If you are trying to encrypt something to be decrypted by the receiver, and the receiver to receive the means to compute a key for decryption, you should look into public key encryption. You would only share the public keys and never the secret keys. And both sides would compute the same shared key.

HTH.

ConYel commented 2 months ago

Thank you very much! That's what I was looking for. The issue is that the users might not have any knowledge regarding pke and that is why I would prefer to provide just the key. I understand the issue of mitm/intercepting but if both sides are https should be fine? If the user is hacked or being sniffed I would guess that public key would not save him. Let me know if I am completely wrong, as I don't have much knowledge in that field.

gonatienza commented 2 months ago

I would personally never share a secret key. Not even over tls. There are better ways. With libsodium I would do Curve25519 and use a safe established key exchange method.

The easiest way for that is the nacl.public.Box() wrapper. You could use the low level bindings too, but I would recommend the high level wrapper to avoid any nonce reuse accidents. With this, the public keys are exchanged (transmitted) and each side's secret key with the remote public key compute the same secret key. So no private key nor secret shared key is ever transmitted. If a public key is compromised, it will not allow you to encrypt nor decrypt (computing the shared secret key requires a private key).

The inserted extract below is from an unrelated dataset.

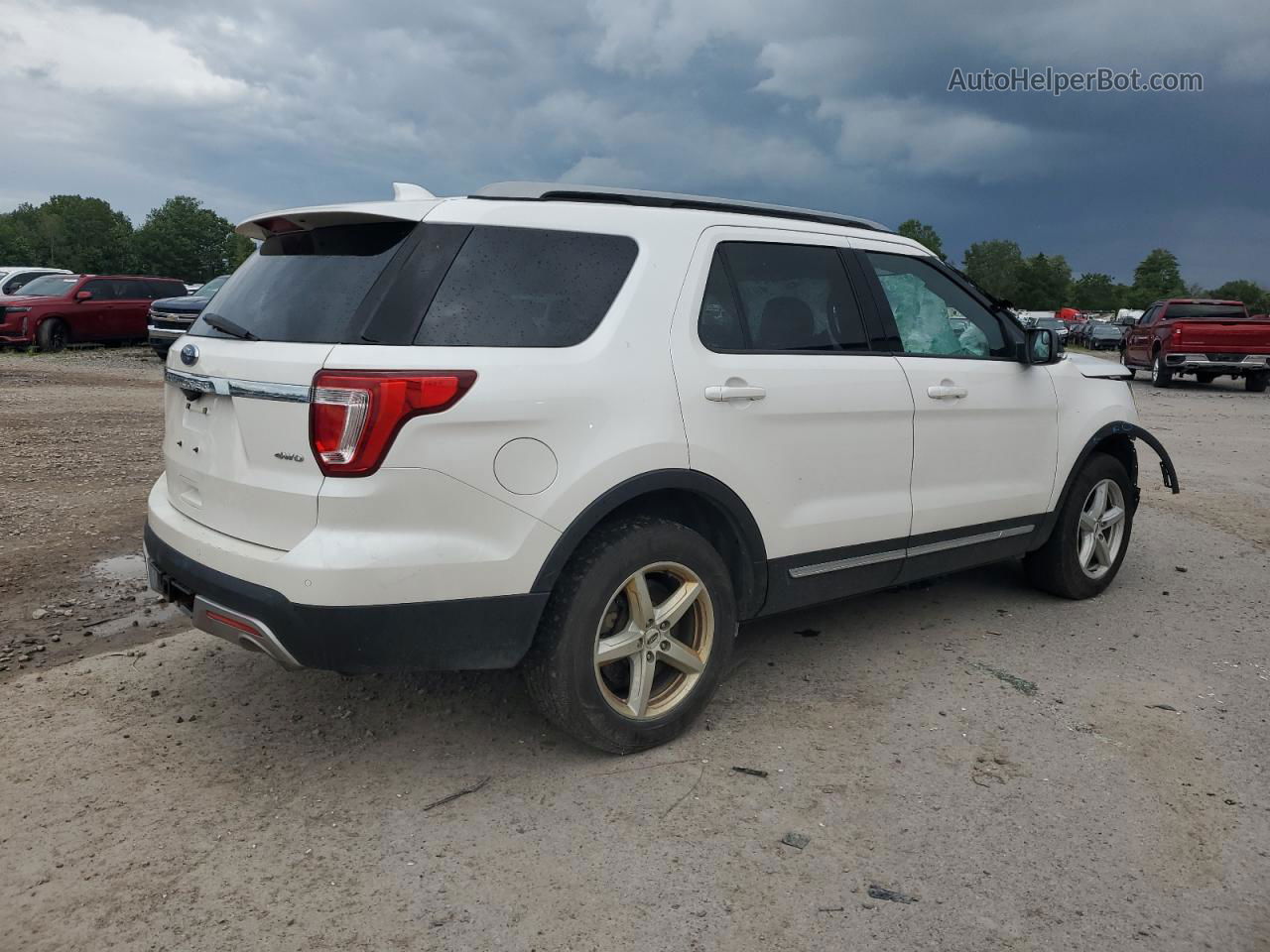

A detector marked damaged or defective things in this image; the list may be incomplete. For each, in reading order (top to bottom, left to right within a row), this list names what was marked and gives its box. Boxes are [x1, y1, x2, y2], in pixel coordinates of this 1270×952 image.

broken front window [869, 251, 1008, 359]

Another option is using nacl.public.SealedBox. This way there's only one key pair. The receiver has a private key and public key. The sender of the encrypted message uses the receiver's public key for the encryption of the message and the receiver uses its private key for the decryption. Once again, if the public key is compromised, it will not allow you to decrypt the ciphertext. You can only do that having the private key, which was never shared. Anyone with that public key could encrypt a new message.

Both examples are posted in the link I shared.

Happy coding.

ConYel commented 2 months ago

Again thank you very much for this information and the detailed answer!

I would look into this and try to see if I can use them but maybe is better to discuss how I am using the current method currently.

The point is to provide user with the possibility to encrypt a long url while I give them back a short url (yeap it's just a url shortener with encryption). I don't want to keep any passwords on my db, that is why I want to give directly back the encryption key along with the short url. Considering that the user would just put a long url and get back a generated key (and the short url) I am not sure how it would be easy for a layman to have to use public key crypto on a website.

I will try to see if there is a way for pke but for now I haven't though/found something else. Cheers!